Supplied data:

■ ■ ■ ■ ■ ■ ■

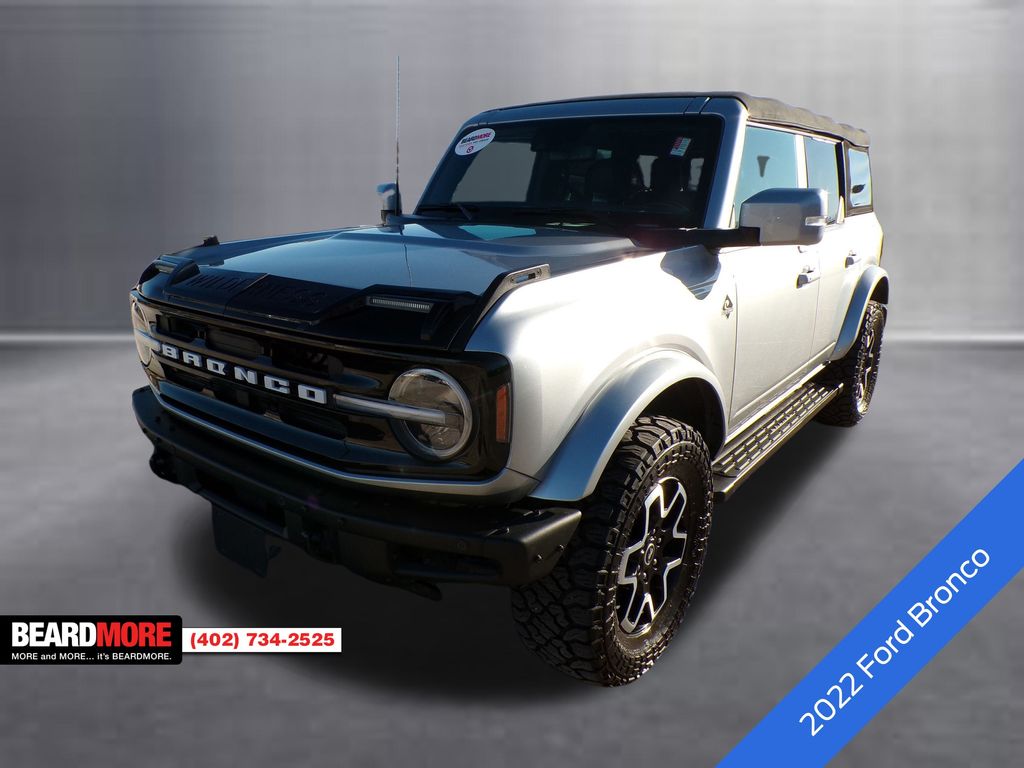 2022 Ford Bronco Outer Banks's photo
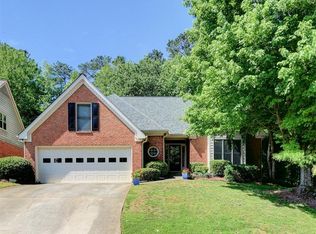 340 Shelli Ln, Roswell, GA 30075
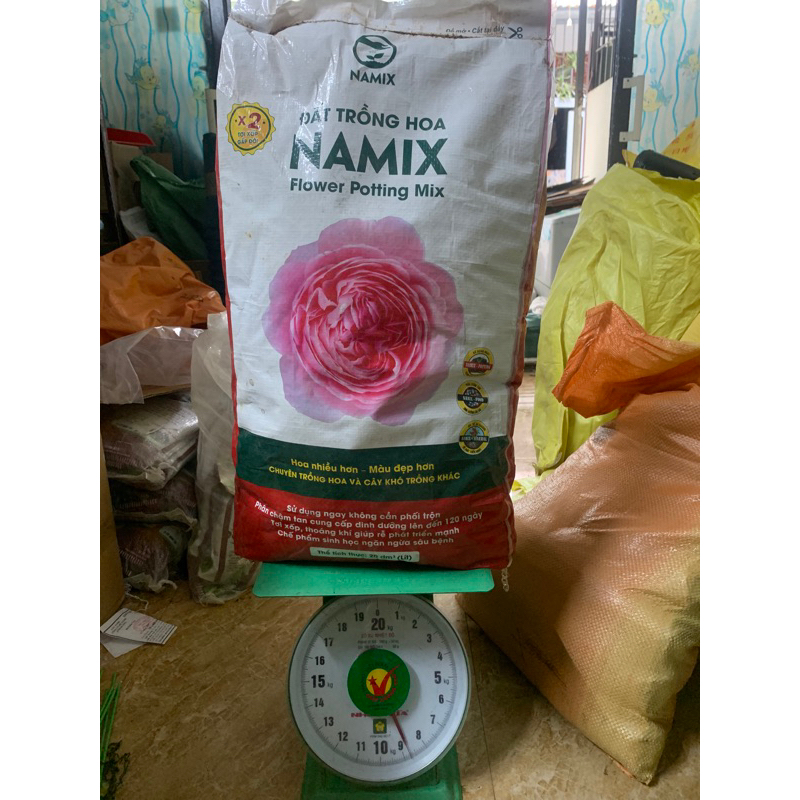 đất trồng hoa ( bao Hồng) Namix 20dm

■ ■ ■ ■ ■ ■ ■

Instructions for the task:
When copying the listing, skip the pictures and keep each line exactly as written.

Written response:
 2022 Ford Bronco Outer Banks's photo
 340 Shelli Ln, Roswell, GA 30075
 đất trồng hoa ( bao Hồng) Namix 20dm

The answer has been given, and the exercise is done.